[Start of section]
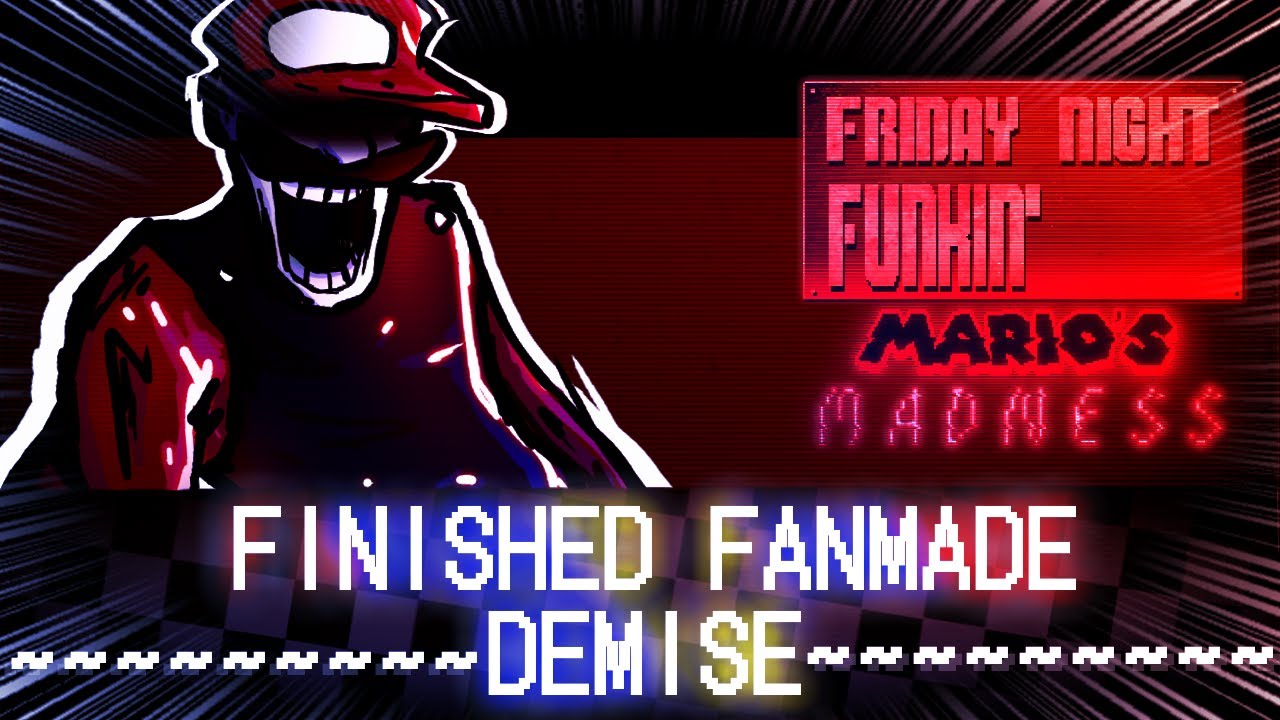FNF - Mario Madness V2 - DEMISE  [ FINISHED // FANMADE ]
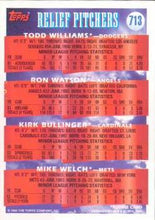 Load image into Gallery viewer, 1994 Topps P Prospects (Todd Williams / Ron Watson / Kirk Bullinger / Mike Welch) PROS, RC # 713 Los Angeles Dodgers / California Angels / St. Louis Cardinals / New York Mets
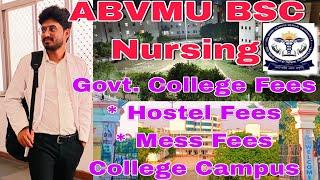 ABVMU latest Update। ABVMU BSC Nursing Government College Fees Seats Hostel Fees। BSC Entrance Exam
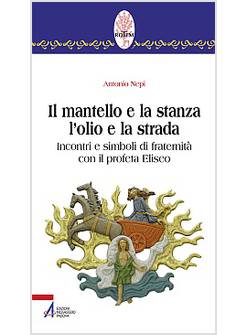 IL MANTELLO E LA STANZA L'OLIO E LA STRADA. INCONTRI E SIMBOLI DI FRATERNITA'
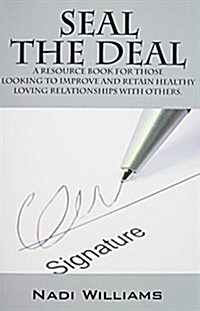 Seal the Deal: A Resource Book for Those Looking to Improve and Retain Healthy Loving Relationships with Others. (Paperback)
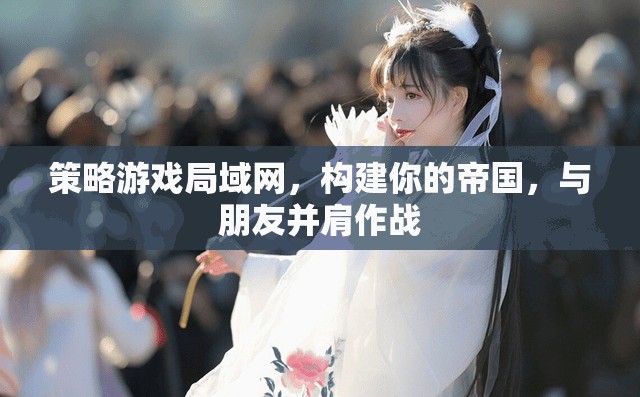 構(gòu)建帝國(guó)，并肩作戰(zhàn)，在策略游戲局域網(wǎng)中打造你的傳奇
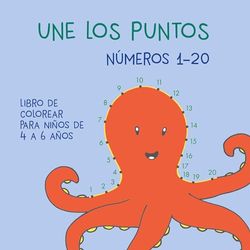 Une los puntos - números 1-20: Libro de colorear para niños de 4 a 6 años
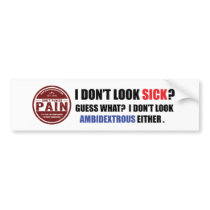 I Don't Look Sick: Ambidextrous Bumper Sticker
[End of section]
--- Directions for this task ---
Starting with the line that holds "Une los puntos", retype each line through the last one in the listing above, exactly as written. Do not copy any pictures.

--- Solved exercise ---
 Une los puntos - números 1-20: Libro de colorear para niños de 4 a 6 años
 I Don't Look Sick: Ambidextrous Bumper Sticker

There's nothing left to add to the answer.